A series about how children in other countries celebrate Christmas.
In Romania, the winter holiday season—including Christmas, New Year, and Epiphany—is in full swing from 24 December to 7 January. Each of these celebrations is unique in its display of colorful customs, traditions, and artistic and musical events, making the winter holidays spectacular for Romanians.
“Christmas has always been a special moment for all children. I love every aspect of it—the traditions, carols, and mostly the sweets,” says 10-year-old George from Vladeni commune.
Red, black, and white are the traditional colors of the Christian Romanian folk costume. Red represents the finery of the children who go caroling through the streets; black symbolizes the winter night that falls early in December; and white signifies the snow that blankets the country, sparkling under the stars as far as the eye can see.

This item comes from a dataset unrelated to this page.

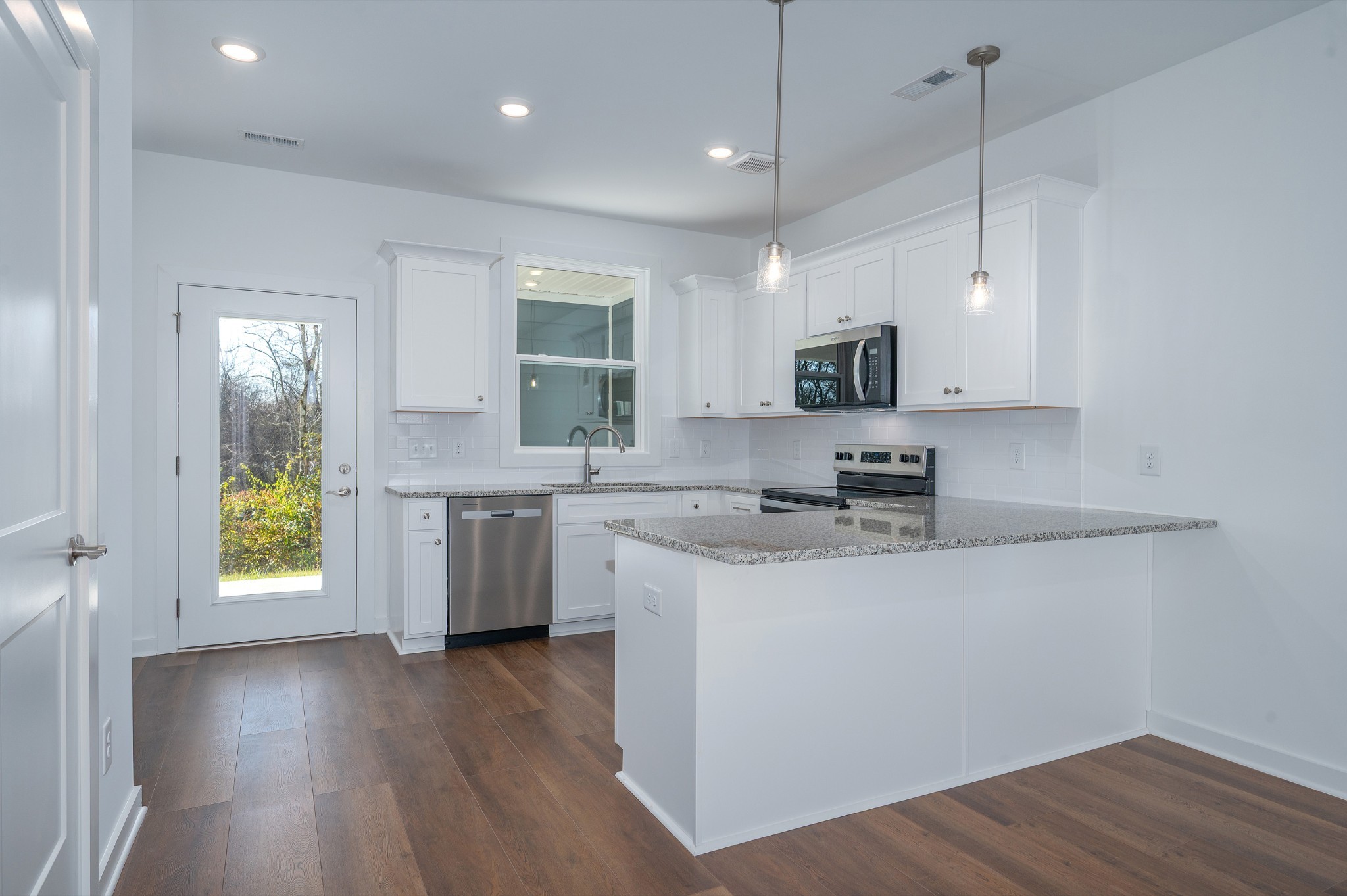 1170 S Dickerson Rd 25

To prepare for Christmas, families cook food and clean their homes to entertain guests and carolers. “My mother is so busy before Christmas day, so I always try to help her with the cooking,” says 9-year-old Andrea from Vladeni commune. “I love Christmas because it brings the whole family together. I also love going to church, especially the feeling I have while listening to the priest and seeing how quiet and peaceful everyone is,” adds the little girl.
One of the most anticipated customs of the holiday season is Christmas caroling. Children go caroling when the clock strikes midnight and it becomes Christmas Eve. As they go from one house to another, the children receive sweets, fruit, and even money. “All the children love to go caroling. It is a time when we can have fun together practicing our songs and playing in the snow. We sing to make people happy on Christmas and to remind people that, on this special day, Jesus was born,” says 8-year-old Catalin.
On Christmas day, children walk in the streets of snow-covered towns and villages, holding stars made of cardboard and paper that are decorated with watercolor paintings of biblical scenes or an icon of the Virgin Mary and baby Jesus. While they walk, the children sing:
Do you receive the pretty star,
Pretty and so bright?
It has appeared on the earth
Just like God through it would be right
And it could be seen on high,
Just like we did, in the sky.
Romanian children also write letters to Santa Claus. At an event arranged by World Vision for children to meet Santa at a bookstore in Cluj, the boys and girls shared their letters. Reads one: “Dear Santa, I want you to have a gift from me: I wish you all the happiness in the world! –Grete.”